DATA RECORDS:
------------------------

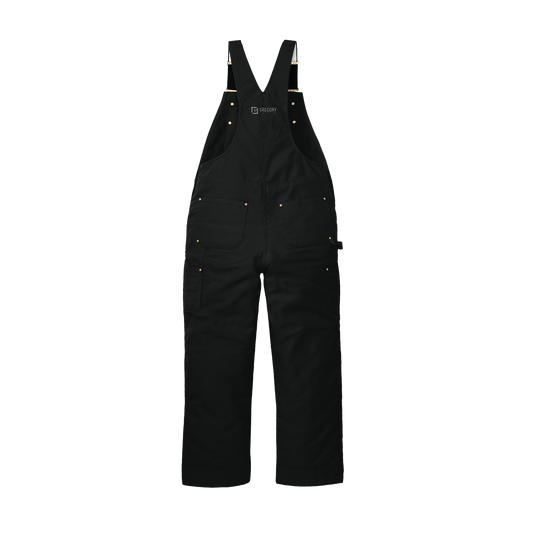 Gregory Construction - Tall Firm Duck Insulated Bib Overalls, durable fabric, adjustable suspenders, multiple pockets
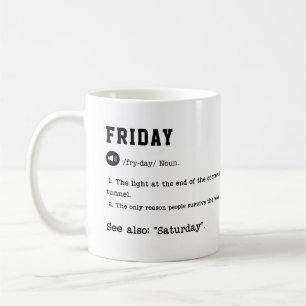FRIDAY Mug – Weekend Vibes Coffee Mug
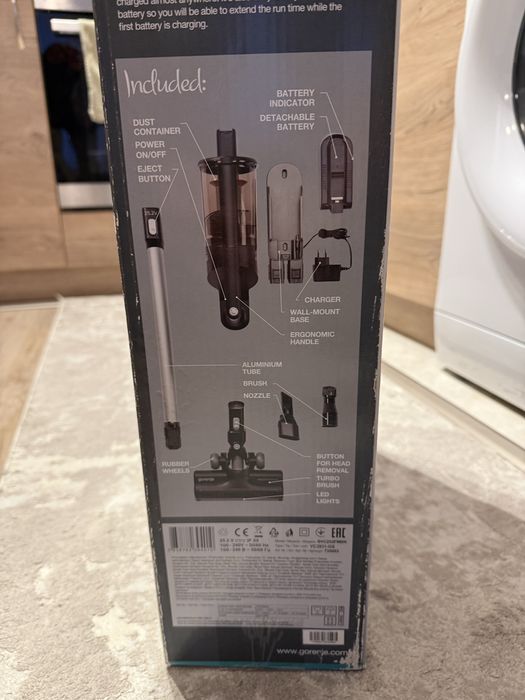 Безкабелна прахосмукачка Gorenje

------------------------

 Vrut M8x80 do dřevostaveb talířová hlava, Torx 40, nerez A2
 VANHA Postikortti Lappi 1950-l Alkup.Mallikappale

------------------------

WORK ITEM: Leave out every picture, and copy exactly the lines above starting at the one holding "FRIDAY Mug – Weekend Vibes Coffee Mug" and ending at the one holding "Безкабелна прахосмукачка Gorenje", no more and no less.

EXERCISE SOLUTION:
FRIDAY Mug – Weekend Vibes Coffee Mug
 Безкабелна прахосмукачка Gorenje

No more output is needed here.